Dataset records: Begin

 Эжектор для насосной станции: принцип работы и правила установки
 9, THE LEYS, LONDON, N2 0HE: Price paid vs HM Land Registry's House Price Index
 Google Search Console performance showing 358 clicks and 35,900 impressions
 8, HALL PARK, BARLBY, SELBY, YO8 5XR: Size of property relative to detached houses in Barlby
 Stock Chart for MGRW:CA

Dataset records: End
Dataset records: Begin

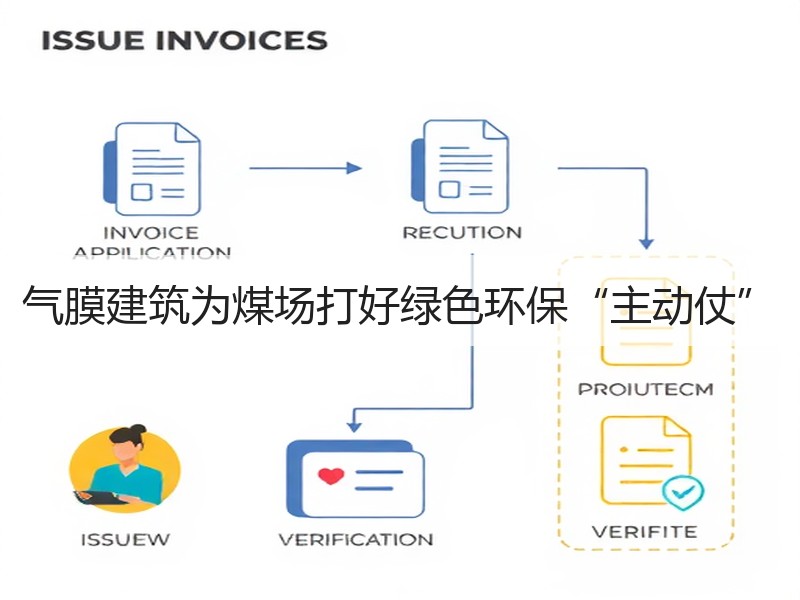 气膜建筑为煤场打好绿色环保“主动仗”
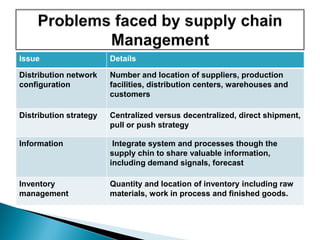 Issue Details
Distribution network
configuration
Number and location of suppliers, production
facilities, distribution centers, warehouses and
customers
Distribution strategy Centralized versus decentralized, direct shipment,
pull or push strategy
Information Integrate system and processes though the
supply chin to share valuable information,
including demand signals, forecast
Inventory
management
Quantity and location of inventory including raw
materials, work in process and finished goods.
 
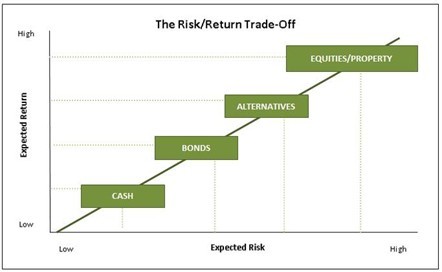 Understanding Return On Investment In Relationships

Dataset records: End

Set down again, word for word, the stretch of records from the line with "Эжектор для насосной" to the line with "Stock Chart for MGRW:CA", both of those lines included.

## Answer for this exercise
 Эжектор для насосной станции: принцип работы и правила установки
 9, THE LEYS, LONDON, N2 0HE: Price paid vs HM Land Registry's House Price Index
 Google Search Console performance showing 358 clicks and 35,900 impressions
 8, HALL PARK, BARLBY, SELBY, YO8 5XR: Size of property relative to detached houses in Barlby
 Stock Chart for MGRW:CA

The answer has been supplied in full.